By growing the cells in media containing almost pure 15N up to time 0 (and then flooding
the cultures with excess 14N), M+S labeled the old DNA by making it denser (higher
molecular weight, same volume) then DNA made after time 0. 15N was a good choice
because it imparts to the DNA a property that allowed them to physically separate old
from new DNA based on density.
This is similar to the use of 32P by H & C in that both used a specific isotope to
label DNA and then track what happened to the DNA over the course of the experiment.
They differ in the details of how 15N and 32P are useful. 32P is radioactive, which means it
is possible to detect even tiny amount of 32P-labeled DNA. But it would be harder to
separate 32P-labeled DNA from non-labeled DNA. 15N does not make DNA any easier to
detect.

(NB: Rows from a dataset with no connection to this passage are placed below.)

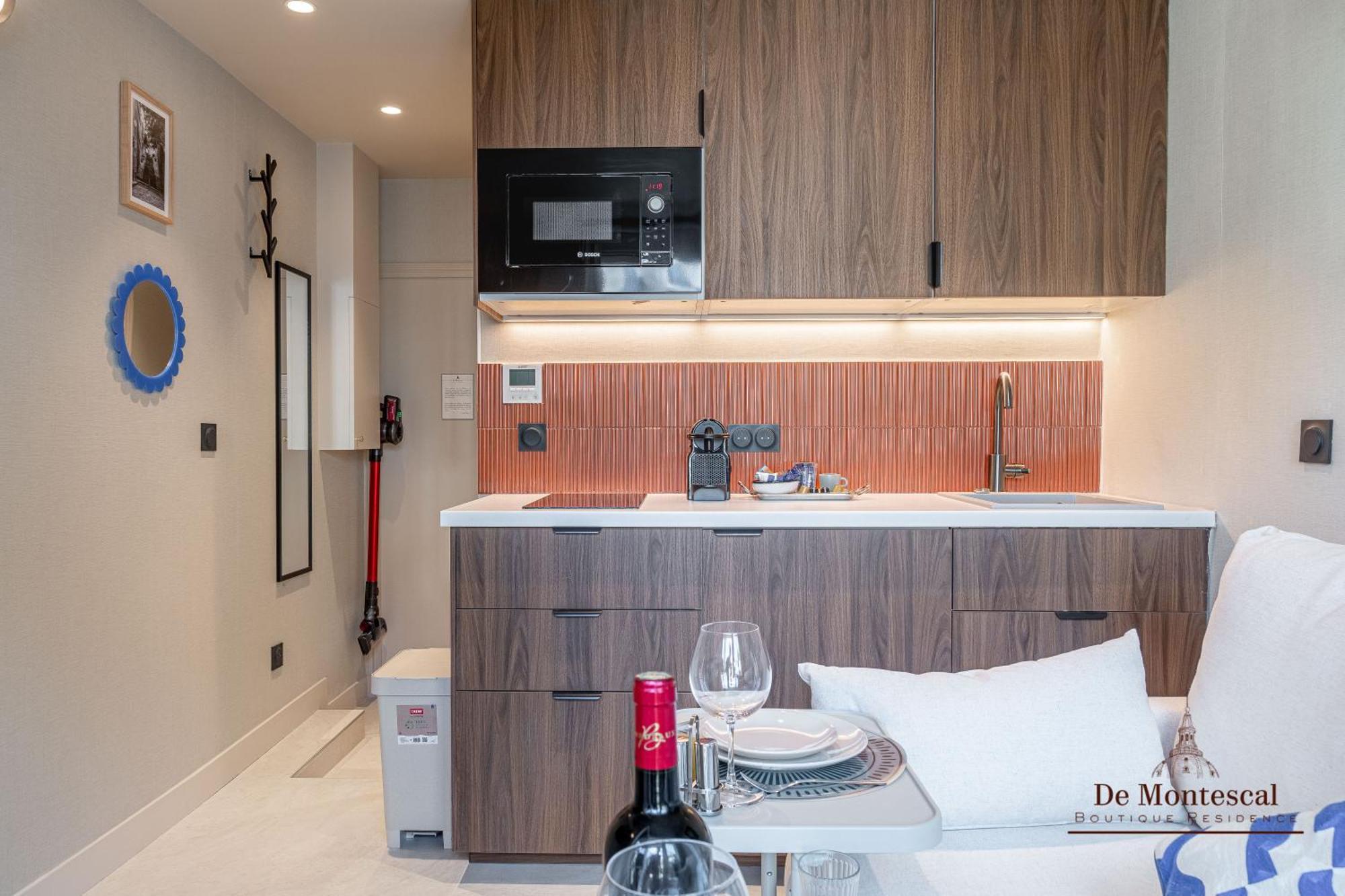 Appartement De Montescal- Montparnasse With Ac 11 To 14m2 In A Prime Location *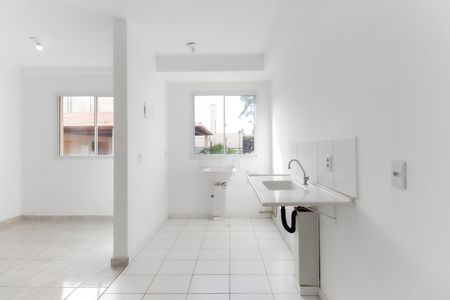 Apartamento para alugar com 44m², 2 quartos e sem vaga Apartamento para alugar com 44m², 2 quartos e sem vagaCozinha - Área de Serviço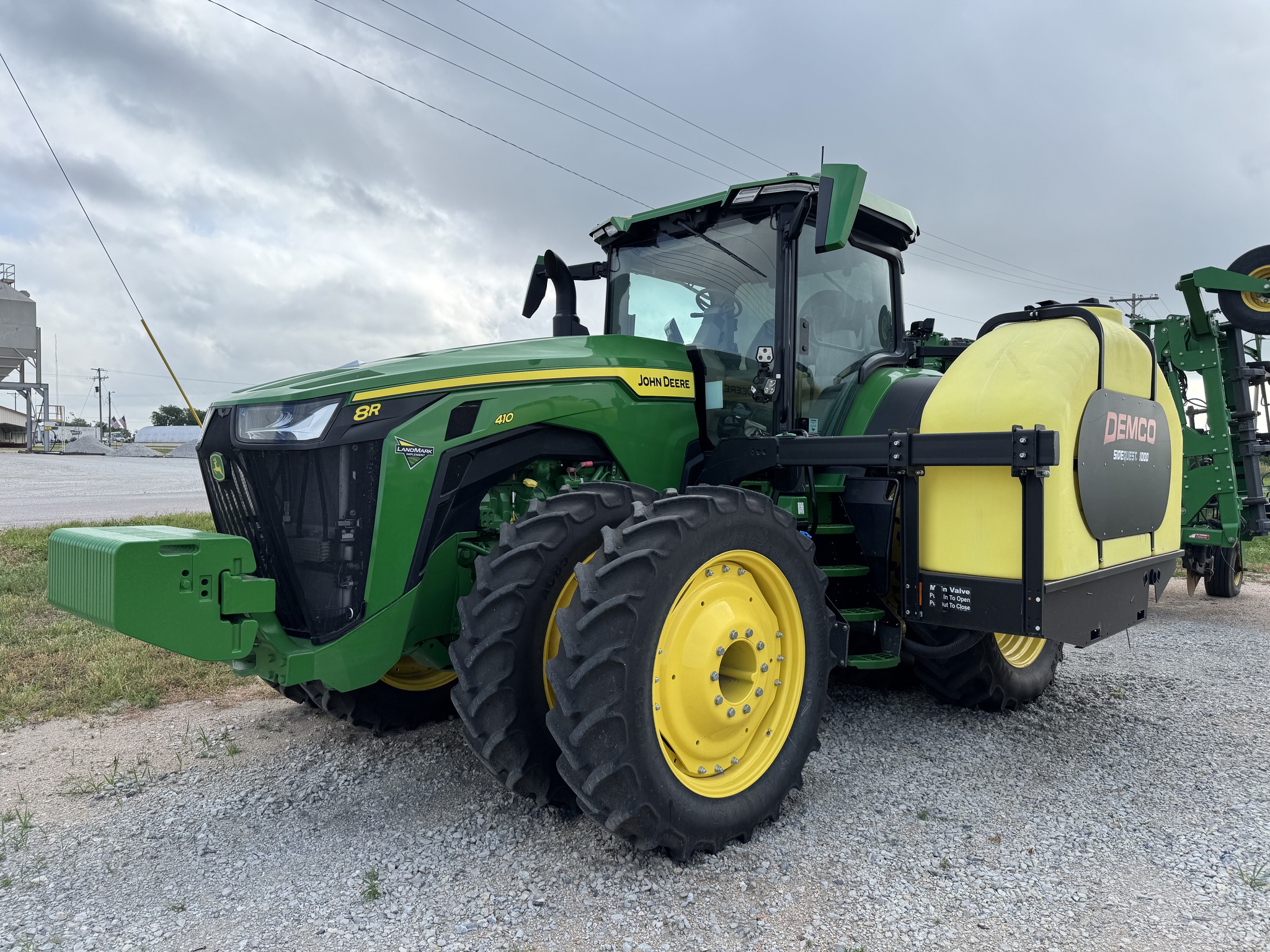  2024 John Deere 8R 410 at LandMark in Arapahoe, NE
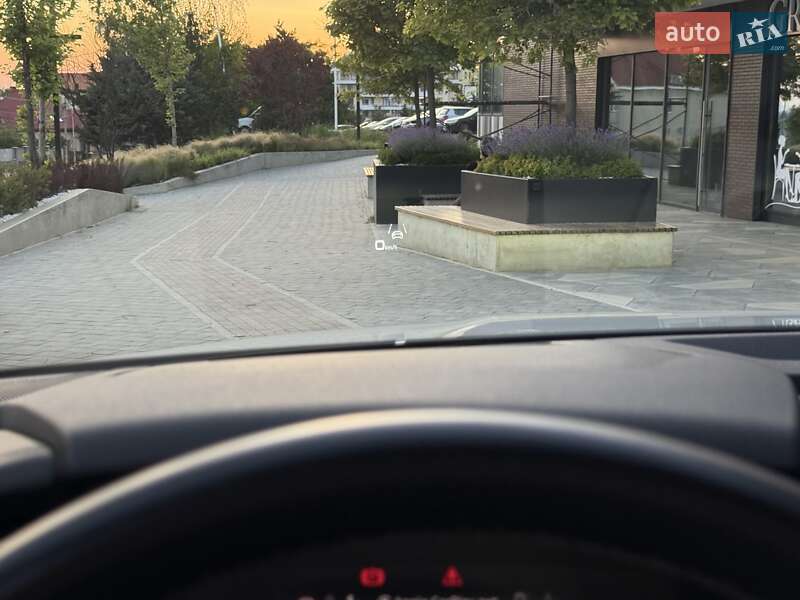 Внедорожник / Кроссовер Audi e-tron 2022 в Ужгороде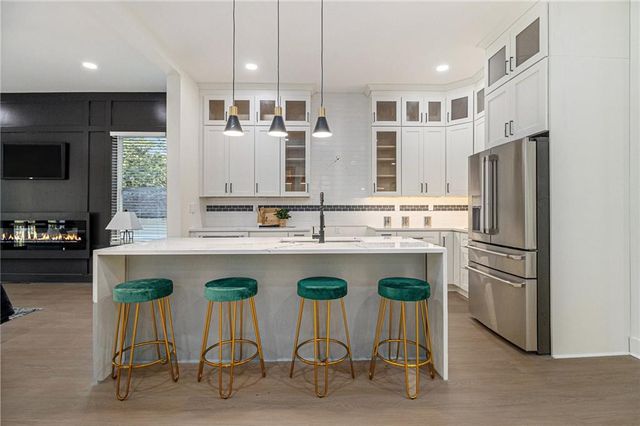 606 Church NW Street, Atlanta, GA 30318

But because there are multiple N atoms per nucleotide (as opposed to just one P),
the density difference is sufficient to separate on density gradient.
2. Why was it important for M & S to measure the rate of growth of their bacterial
cultures?
For several reasons:
1) They needed to know that their bacteria were dividing at a constant rate of the course
of their experiment. If for example, the growth rate slowed during the experiment, it
would make it much harder to interpret their data.
2) Similarly, they needed to know how long it took their cells to divide. This is the only
they could know what generation each sample corresponded to. (In Figure 4, for
example.) For example, only by knowing that the generation time was ~48 minutes
could they which samples corresponed to DNA taken 1 generation (or 2 generations, etc.)
after time 0.
3. How would Figure 4 and Figure 9 have looked different if the DNA were replicated
by the conservative model of replication?
Fig 4. By one generation, we would have seen 2 bands of DNA- one with the density of
pure 15N DNA, the other with the density of pure 14N DNA. Over generations, the 14N
would become more abundant while the 15N band would become fainter. By 4
generations, the 14N DNA would outnumber the 15N DNA 15:1.
Fig 9 would look exactly the same. Heating the DNA denatures it, separating the strands.
The conservative and semi-conservative differ only in how strands are paired, not in the
nature of the strands themselves. Therefore Figure 9b would still have the same 2 peaks.
4. How would Figure 4 and Figure 9 have looked different if the DNA were replicated by
the dispersive model of replication?
Fig 4. In the dispersive model, the 15N would be equally disitrubuted among subunits
every generation. So after 1 generation, all the DNA would be 50% 15N, and there would
be one band of intermediate density. (Exactly as happens with the semi-conservative
model). But over subsequent generations, rather than the sudden appearance of a
distinct14N band by 2 generations, there would a gradual migration of 1 band towards
lighter densities. By 4 generations, it would be close to (but not quite at) pure 14N
density.
Fig 9. Part B would have one band of intermediate density. This is because the
denatured strands would still each by a mix of 14N and 15N. Therefore there would by
one band, intermediate in density compared to pure 14N and pure 15N strands.